[Opening Records for the exercise section]

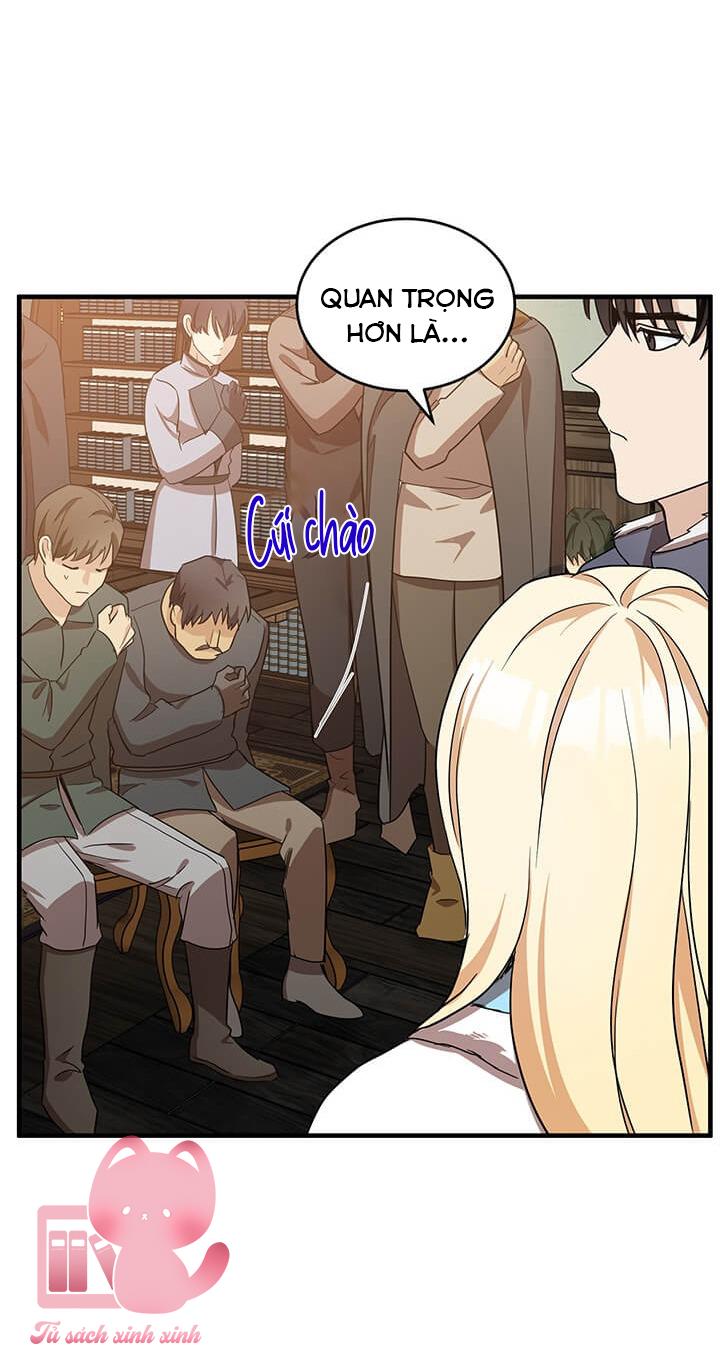 Ác Nữ Trùng Sinh - Chap 75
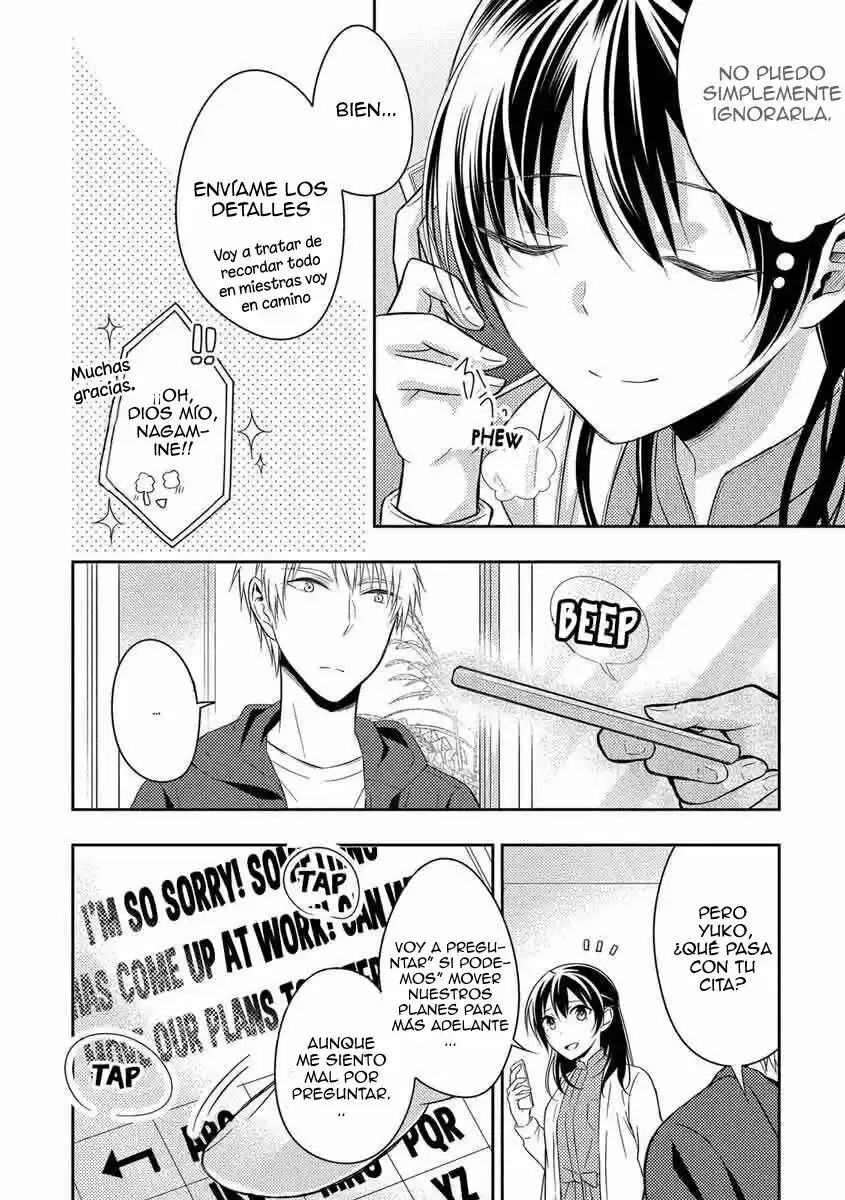 Shitsuren OL To Dekiai Danshi - Capítulo 1 - Página 5 - LectorTMOo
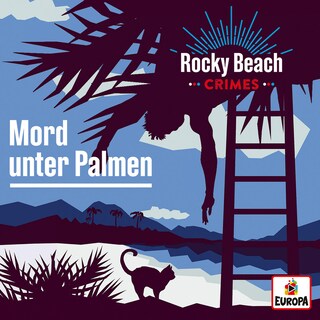 Mord unter Palmen (Victor Hugenay ermittelt) als Hörbuch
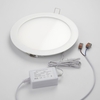 14W 8 Inch Downlighter IP43 Rated 60W Equivalent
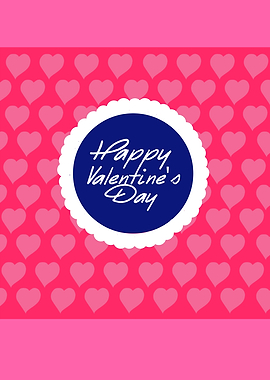 Valentine day greeting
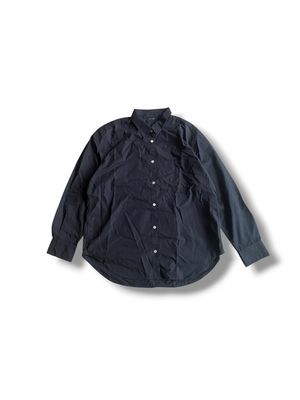 KEMEJA HITAM PANJANG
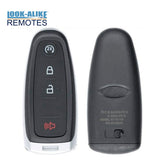 2011 - 2019 Ford Smart Key 4B FCC# M3N5WY8609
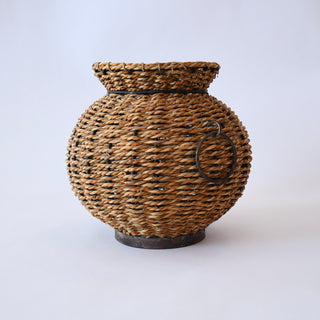 Small Woven Basket - Details and Design - Basket - Details and Design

[Closing Records for the exercise section]

* [Required work]:
Here the job is to quote the lines from the one with "KEMEJA HITAM PANJANG" through the end of the material, both included, exactly; please skip the pictures.

* [Result for this exercise]:
 KEMEJA HITAM PANJANG
 2011 - 2019 Ford Smart Key 4B FCC# M3N5WY8609
 Small Woven Basket - Details and Design - Basket - Details and Design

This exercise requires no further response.